Made to look like a cheap Club 18-30 TV ad, with the band performing the song against a backdrop of gurning, churning, both-ends-burning holidaymakers, Girls & Boys’ promo video, directed by Kevin Godley, who’d helmed career-best clips for The Police during their globe-straddling Synchronicity era, only enhanced the song’s mass appeal, while the single’s vintage-condom-wrapper-style artwork provided a cheeky wink for those in the know. (“Girls & Boys is every bit as rude as Frankie [Goes To Hollywood]’s Relax but it got played on the radio. Ha!” Albarn once said with glee.)

Aiding the song’s entry into clubland was a remix by arch pop saboteurs Pet Shop Boys, who hadn’t failed to notice the gender-fluid lyrics that may have slipped under the radar of many of those chanting along. Reportedly undertaken at the duo’s own expense, the remix was given a standalone release in Europe and Australia, while also appearing as a Girls & Boys B-side in the US.

The legacy: “The chorus is ‘Boys, Girls, Love’. That’s quite a universal message, isn’t it?”

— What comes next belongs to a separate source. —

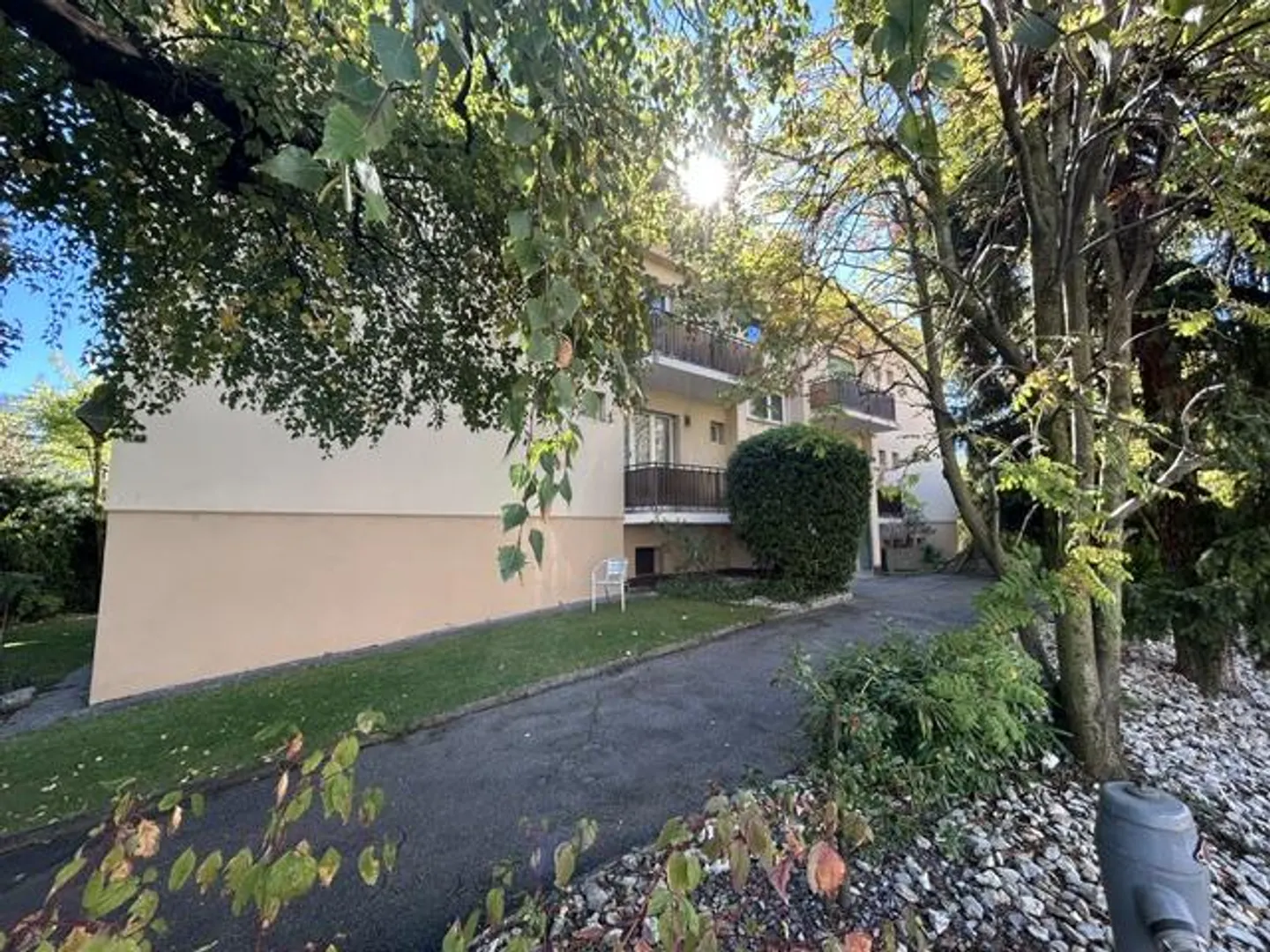 A louer splendide 4.5 pièces dans le quartier résidentiel de Gravelone à Sion - Photo 11 of 13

Although it would take songs such as Song 2 for Blur to truly gain a foothold stateside, Girls & Boys achieved enough success at home to change the lives of the four Blur bandmates forever – not least that of Damon Albarn, who would later admit to experiencing panic attacks after being thrust into nationwide fame.

“It’s very difficult to cope with that kind of attention,” Alex James said in John Harris’ history of the Britpop era, The Last Party. “I’d walk into a bar with him, and people’s jaws would drop. It was a lot to adapt to… It’s scary: all of a sudden he was very, very famous. And eventually you realise, it’s never going to stop. You’re going to be living on Planet Stupid forever.”

After doubling down on their Britpop-defining sound with 1995’s The Great Escape, Blur would embark on a period of reinvention, with the sonic experiments of their self-titled fifth album leading to the radical overhaul of 1999’s 13.

Yet it’s arguably Girls & Boys that provided Blur with a fanbase solid enough to support their evolution. Straddling celebration and satire, Albarn’s canny lyrics spoke to people who could see themselves in the song, and to people who saw those people as targets for derision. Whatever side of the divide fans are on, three decades on from Girls & Boys’ release they all come together for mass singalongs at Blur’s live shows.

Albarn would be succinct in his appraisal of the song’s wide appeal: “The chorus is ‘Boys, Girls, Love’. That’s quite a universal message, isn’t it?”